EP4331970A1

EP4331970A1 - A vessel

Info

Publication number: EP4331970A1
Application number: EP22192879.9A
Authority: EP
Inventors: Jan Alexander Keuning
Original assignee: Stichting Bijlboegfonds
Current assignee: Stichting Bijlboegfonds
Priority date: 2022-08-30
Filing date: 2022-08-30
Publication date: 2024-03-06

Abstract

A vessel (1) comprises a hull (2) and a Magnus rotor (4) which is mounted to the hull (2) and rotatable with respect to the hull (2) about an upwardly directed axis of rotation (5). The Magnus rotor (4) has a lower rotor part (4b) and an upper rotor part (4a). The upper rotor part (4a) and the lower rotor part (4b) are drivable with respect to the hull (2) at different rotational velocities and/or in opposite rotational directions about the axis of rotation (5).

Description

The present invention relates to a vessel, comprising a hull and a Magnus rotor which is mounted to the hull and rotatable with respect to the hull about an upwardly directed axis of rotation, wherein the Magnus rotor has a lower rotor part and an upper rotor part.
Such a vessel is known from FR 2 948 094 . An advantage of the known vessel is that the upper rotor part can be extended and lowered with respect to the lower rotor part such that the total height of the Magnus rotor can be varied.

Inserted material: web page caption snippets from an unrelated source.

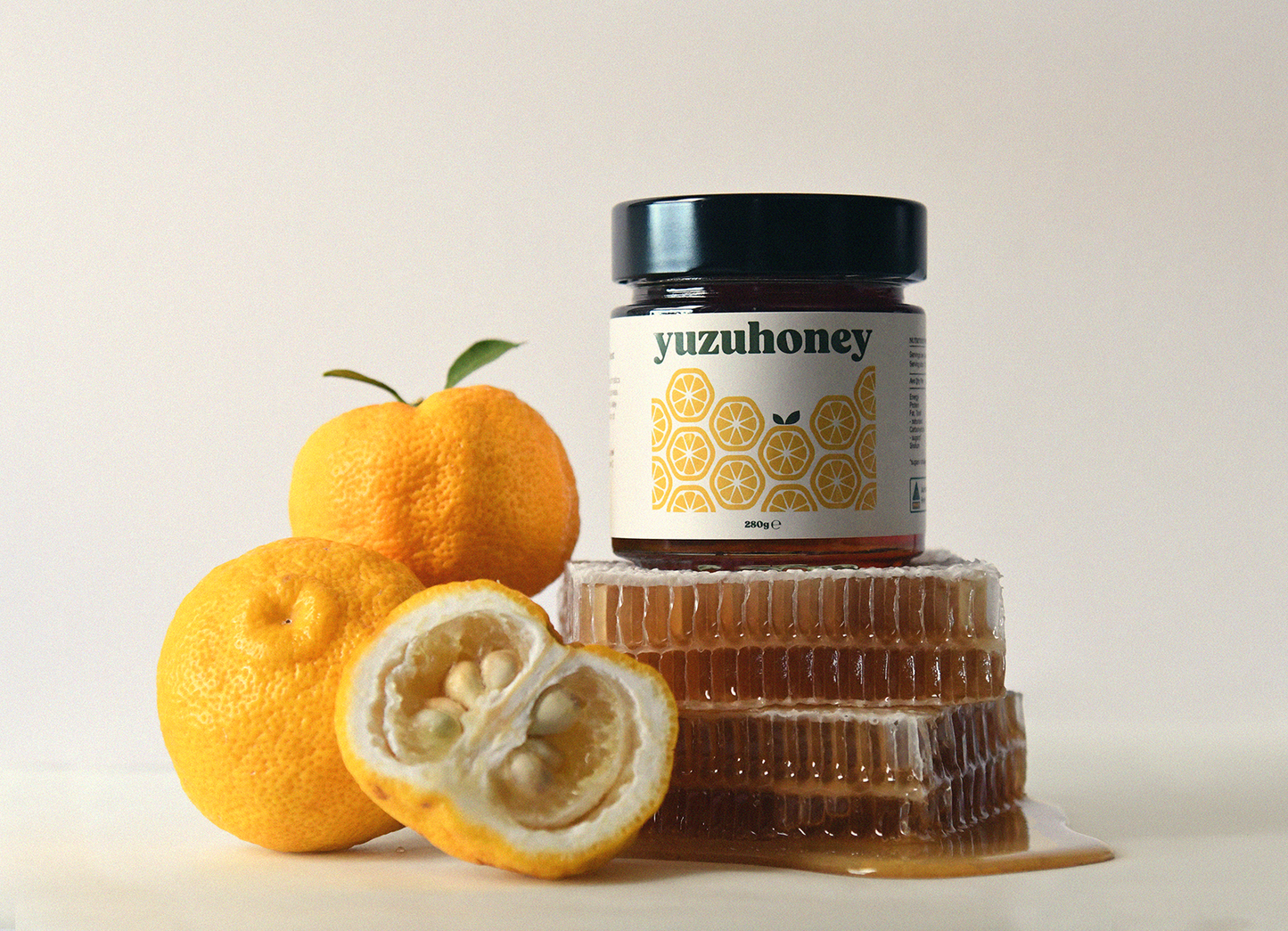 Yuzu Honey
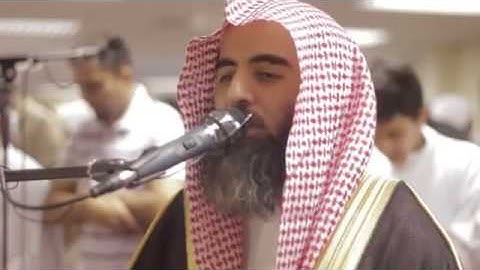( وَيَوْمَ تَشَقَّقُ السَّمَاءُ بِالْغَمَامِ ) محمد اللحيـدان تلاوه خاشعه 💕.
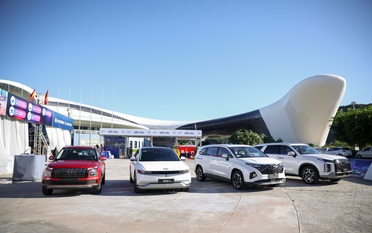 Hyundai tổ chức chuỗi sự kiện chăm sóc hơn 1.200 ô tô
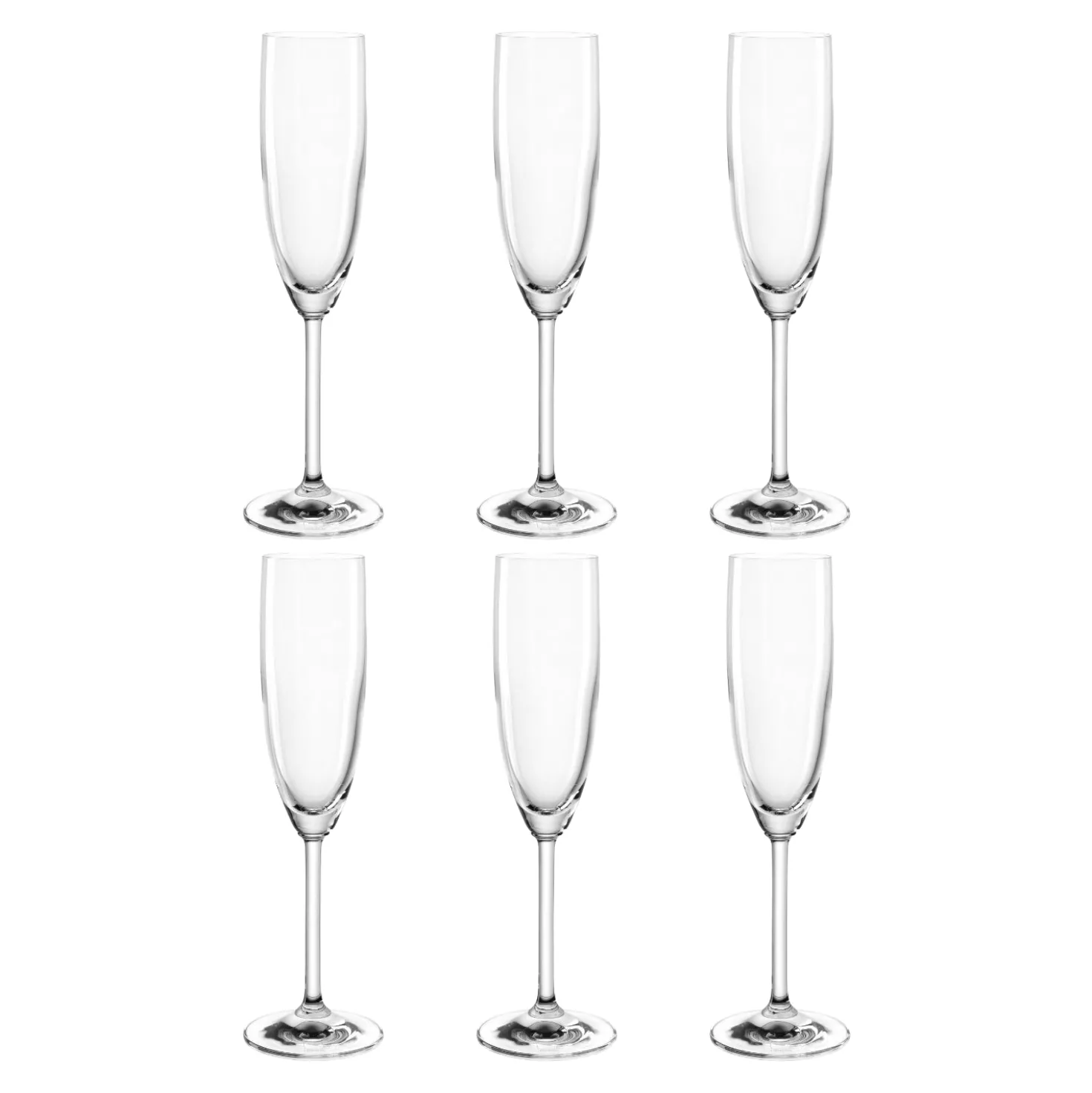Sektglas DAILY 200 ml 6er-Set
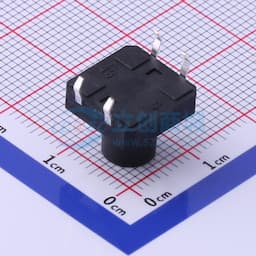 12*12*10mm 直插 轻触开关 【轻触】缩略图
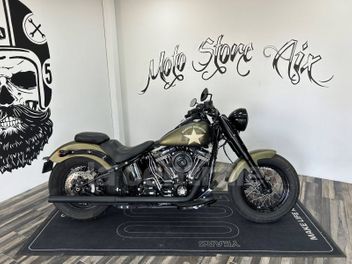 HARLEY DAVIDSON SOFTAIL SLIM 1800 SCREAMIN EAGLE LOW RIDER S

This provides the opportunity to increase the generated propulsion force in case of a weak wind and to decrease propulsion force in case of heavy wind.
An object of the invention is to provide an improved vessel.
This object is accomplished with the vessel according to the invention which is characterized in that the upper rotor part and the lower rotor part are drivable with respect to the hull at different rotational velocities and/or in opposite rotational directions about the axis of rotation.
The invention provides the opportunity to control the torque on the hull caused by the Magnus rotor under operating conditions. For example, the torque caused by the lower rotor part can be compensated by a counter torque caused by the upper rotor part by means of rotating the upper rotor part in opposite direction of the lower rotor part. In that case the propulsion force generated by the lower rotor part is counteracted by a counter force generated by the upper rotor part, but the counter force may be relatively low to create a relatively high counter torque since the distance from the hull where the counter force is exerted is relatively large.
The upper rotor part and the lower rotor part may be drivable independently from each other.
Preferably, the upper rotor part and the lower rotor part are moveable with respect to each other along the axis of rotation, since this provides the opportunity to control the height from the hull where a counter force generated by the upper rotor part acts, hence affecting the level of a counter torque on the hull.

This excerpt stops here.